Friday, October 26, 2007

Guilty untill proven innocent?

We are a complex social system. A highly complex social system based on myriad laws and rules established as civilization progressed. To live within those rules is what we know as civilized and to live outside them...well you are an outlaw. The concept of mass justice to an extent is fair enough. While, as per religion, everyone gets punished for their sins after life, the problem is that is like waiting for too long, and we need to punish people right here to ensure that they don't do any more wrong thing.

But I have always been confused about how we decide what is right and what is wrong. WE all have moral standards, but the fact is that my moral standards and my standards for what should be doable are different from what your would be. We have somehow come to an agreement over what some really wrong things would be and thus have a legal system to punish those whom we think are in the wrong, like murderers, rapists, gangsters etc.

The question arises, how do we really know we are in the right? and what happens when someone innocent gets mistakenly punished?

http://www.cnn.com/2007/US/law/10/25/innocence.project/index.html

I can not imagine the anguish of this person. I can not imagine the anguish of so many other faceless and nameless men languishing in prisons across the world (now that am writing this TADA comes to mind). It is hard to imagine what a person might go through when they know they are innocent but the world is hell bent on proving them guilty. It is hard to imagine the helplessness & the feeling of betrayal.
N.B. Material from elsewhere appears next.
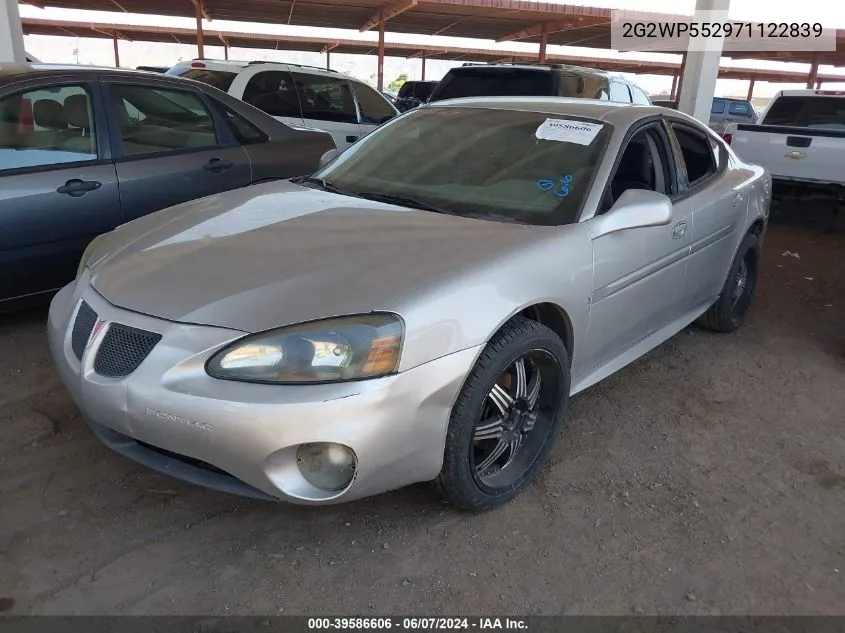 2007 Pontiac Grand Prix VIN: 2G2WP552971122839 Lot: 39586606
This question has always lingered in my mind. What if the world is plotting against you? What if tomorrow, everyone you know wants to prove that you are mentally unstable...it wouldn't be that hard if 20 people are keen on it. There are ways to do that, aren't there? How would you save yourself? How would you protect your individual right to have a normal and fulfilling life? Freedom, what does it mean anyway? Are we really free? No, freedom is restricted to what the society thinks free should be. Maybe we have given too much power to the society and are forgetting that a human being alone is also an entity in itself. Every system has loopholes, but some just have too big of a personal cost to the people concerned.